→ DATA UNDER STUDY:
-*-*-

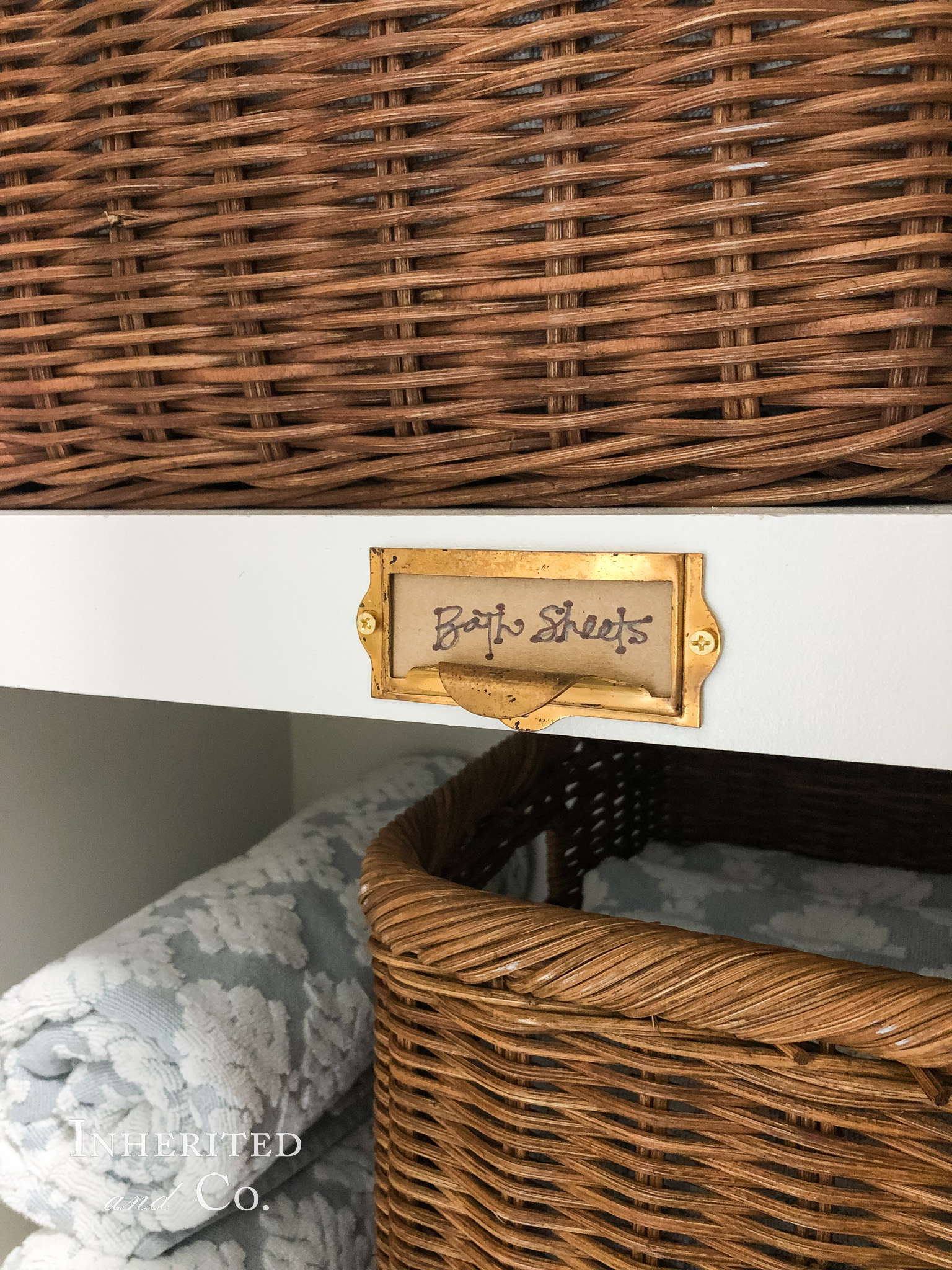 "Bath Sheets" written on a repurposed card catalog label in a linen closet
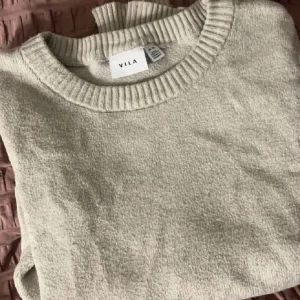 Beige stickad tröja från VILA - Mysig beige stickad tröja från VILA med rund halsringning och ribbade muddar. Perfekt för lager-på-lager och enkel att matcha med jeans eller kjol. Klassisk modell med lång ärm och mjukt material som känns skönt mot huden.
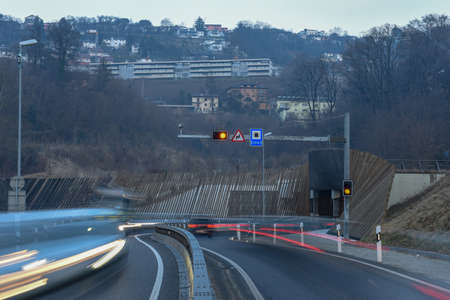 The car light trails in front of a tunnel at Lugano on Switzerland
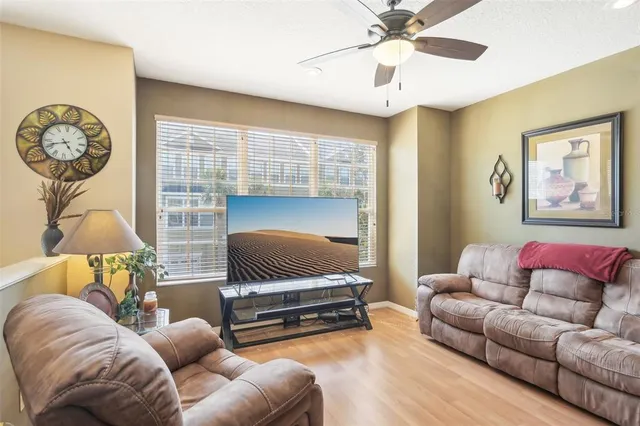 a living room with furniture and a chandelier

-*-*-

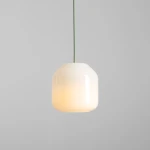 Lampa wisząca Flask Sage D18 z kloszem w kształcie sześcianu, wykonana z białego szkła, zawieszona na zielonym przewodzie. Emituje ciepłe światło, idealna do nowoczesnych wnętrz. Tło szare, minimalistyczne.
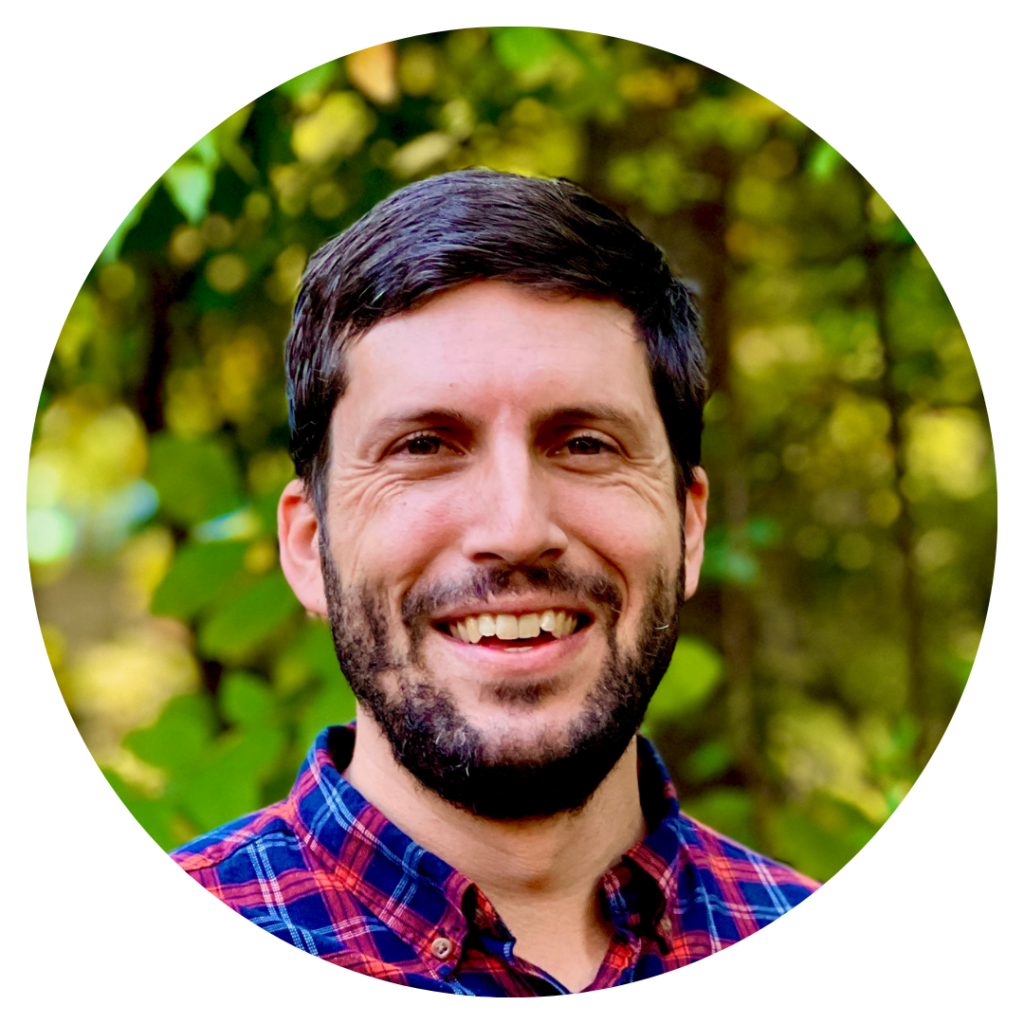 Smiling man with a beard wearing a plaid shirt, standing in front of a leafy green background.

-*-*-

→ TASK DESCRIPTION:
Given the records above, return the lines starting at the one that holds "a linen closet" and ending at the one that holds "a living room", exactly, and nothing besides; leave every picture out.

→ SOLUTION TO THE EXERCISE:
 "Bath Sheets" written on a repurposed card catalog label in a linen closet
 Beige stickad tröja från VILA - Mysig beige stickad tröja från VILA med rund halsringning och ribbade muddar. Perfekt för lager-på-lager och enkel att matcha med jeans eller kjol. Klassisk modell med lång ärm och mjukt material som känns skönt mot huden.
 The car light trails in front of a tunnel at Lugano on Switzerland
 a living room with furniture and a chandelier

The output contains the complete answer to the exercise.